┌─ DATASET RECORDS
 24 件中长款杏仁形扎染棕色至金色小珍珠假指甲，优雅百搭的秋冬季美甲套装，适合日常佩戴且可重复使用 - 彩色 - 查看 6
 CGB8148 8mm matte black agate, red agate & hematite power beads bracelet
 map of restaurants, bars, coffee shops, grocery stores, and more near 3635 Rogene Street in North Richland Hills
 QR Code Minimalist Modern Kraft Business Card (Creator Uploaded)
└─
┌─ DATASET RECORDS
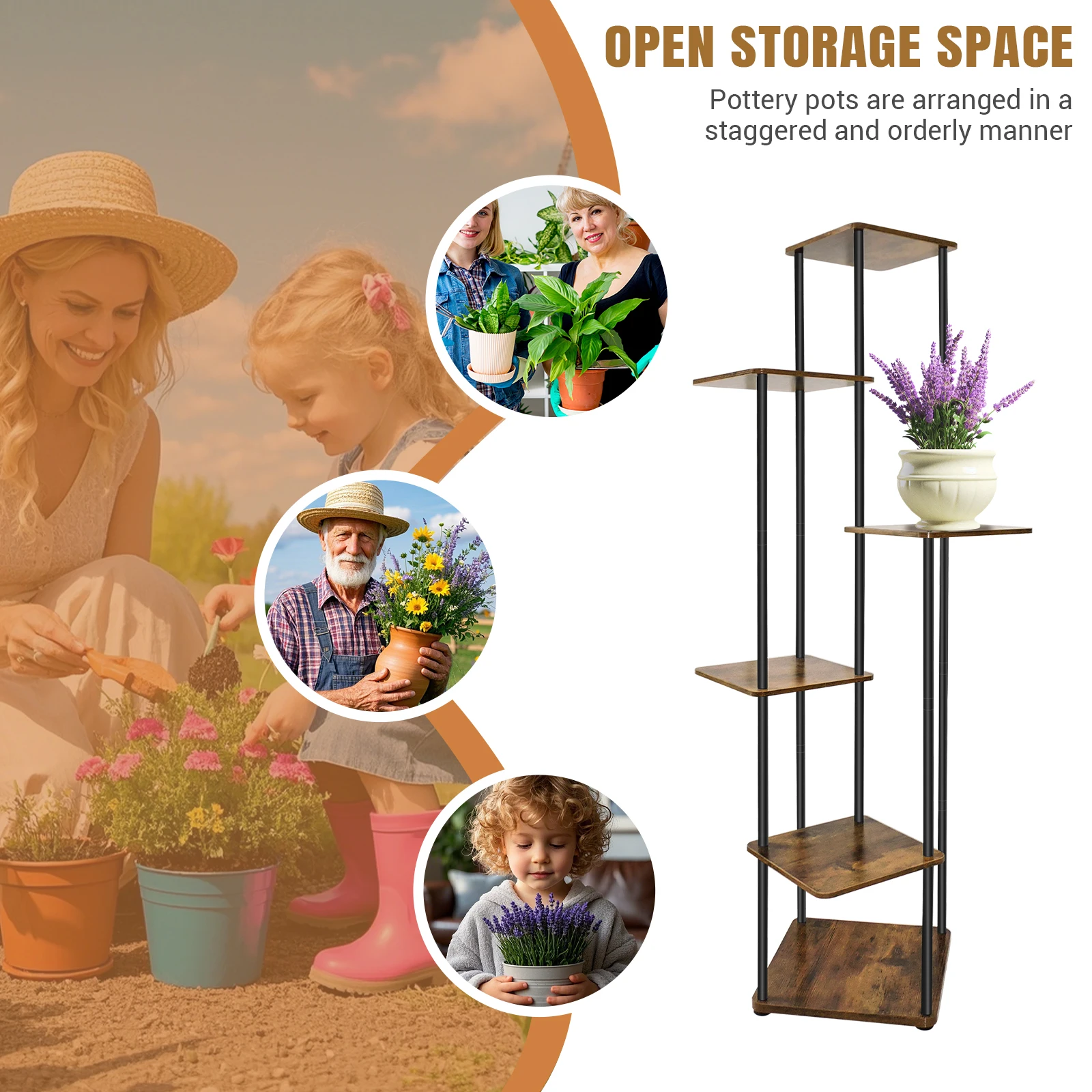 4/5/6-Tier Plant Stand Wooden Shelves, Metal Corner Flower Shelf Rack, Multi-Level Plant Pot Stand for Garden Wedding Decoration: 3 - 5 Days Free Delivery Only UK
└─
┌─ DATASET RECORDS
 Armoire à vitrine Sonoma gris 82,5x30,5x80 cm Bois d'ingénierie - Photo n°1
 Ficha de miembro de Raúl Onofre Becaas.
└─
--- HOW TO COMPLETE THIS TASK ---
Take the entries above and return only the lines from the one with "map of restaurants, bars, coffee" to the one with "QR Code Minimalist", both included, unchanged.

--- RESULT FOR THIS TASK ---
 map of restaurants, bars, coffee shops, grocery stores, and more near 3635 Rogene Street in North Richland Hills
 QR Code Minimalist Modern Kraft Business Card (Creator Uploaded)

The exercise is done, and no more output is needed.